For Federico Buffa it is a return to his great passion, basketball, to focus on a character full of facets and contradictions, certainly epoch-making, indeed, infinite. Buffa describes him as the most complex character he has ever recounted. And this complexity is born right from the beginning of his formidable saga: «In the NBA certain players pass each other a baton, an ideal torch. In Kobe’s case, the torch comes from the greatest of all time. In the show I recount that Jordan tells him this is my number, call me whenever you want, but Kobe does not call him, he talks to him on the court. He asks him things like: “Michael, what do you do in these situations?”. And Jordan answers him, while they are playing! At the end of that match, an anonymous Bulls against Lakers won without any problem by Chicago, the courtside reporter asks Michael: it seemed to us that you were talking to the kid, but isn’t it disconcerting for you to have to share your secrets? And Jordan says: I did the same. I asked Magic, I asked Bird. If they don’t respect you, they don’t answer you. But if they respect you…»

It means that the champions recognise you as one of them.
Because the game has to be spread like this. The players say: we pass it among ourselves. There, this thing is purely NBA. There is no other sport, apart from American football which is little widespread in the world, where all the best play in the same league.

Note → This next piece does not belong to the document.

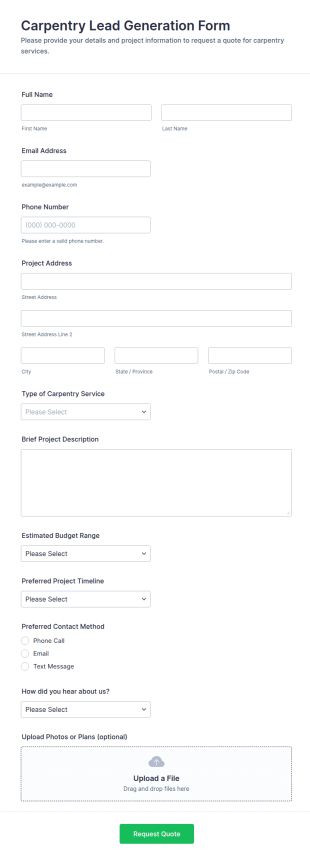 Carpentry Lead Generation Form Template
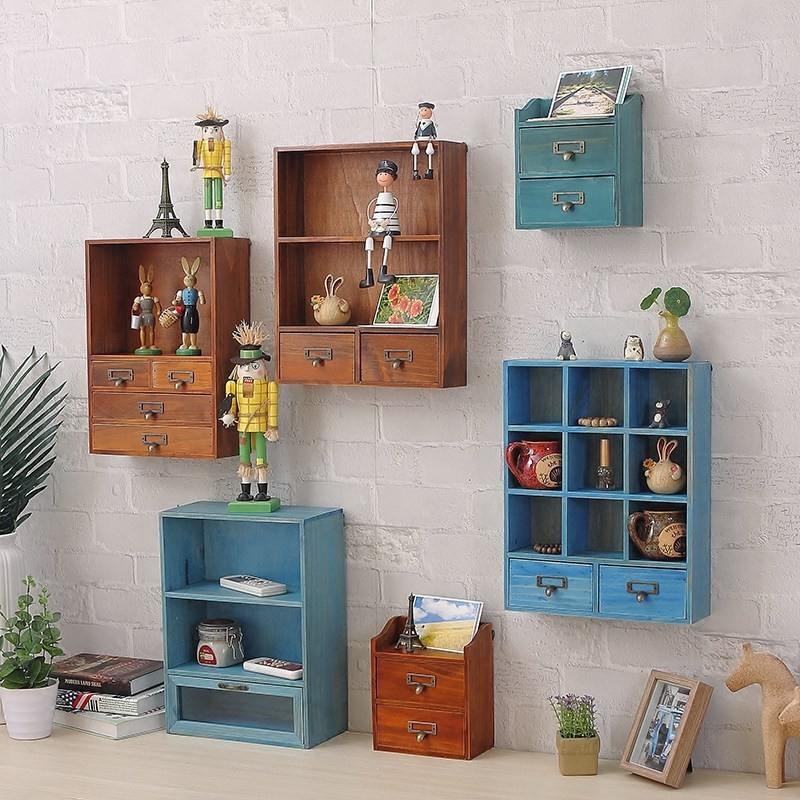 No drilling solid wood hanging  shelf wall cabinet grid storage cabinet drawer wall cabinet small storage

It is a unique case.

Kobe took a great deal from Jordan: the obsession, the cult of victory, the maniacal work on oneself… and also a certain meanness.
This is a very interesting thing about Kobe. Kobe has no reason to be so aggressive. He grew up in a family where his mother considered every day his birthday. Michael grew up in the South of the United States at the end of the Sixties, his first lesson at school is in a segregated class: in short, he will have some hunger for redemption. Kobe really not, but it is evident that Kobe sensed the strength of the Jordan system, that is the idea of annihilation of the opponent, this idea of always being at the top of one’s condition. It is the reason why on 11 September he is watching the Towers fall, and he is sweaty: but where he is, on the west coast, it is six in the morning. It means that he got up at four in the morning because he cannot bear the idea that on the other side of the country someone is already training to beat him.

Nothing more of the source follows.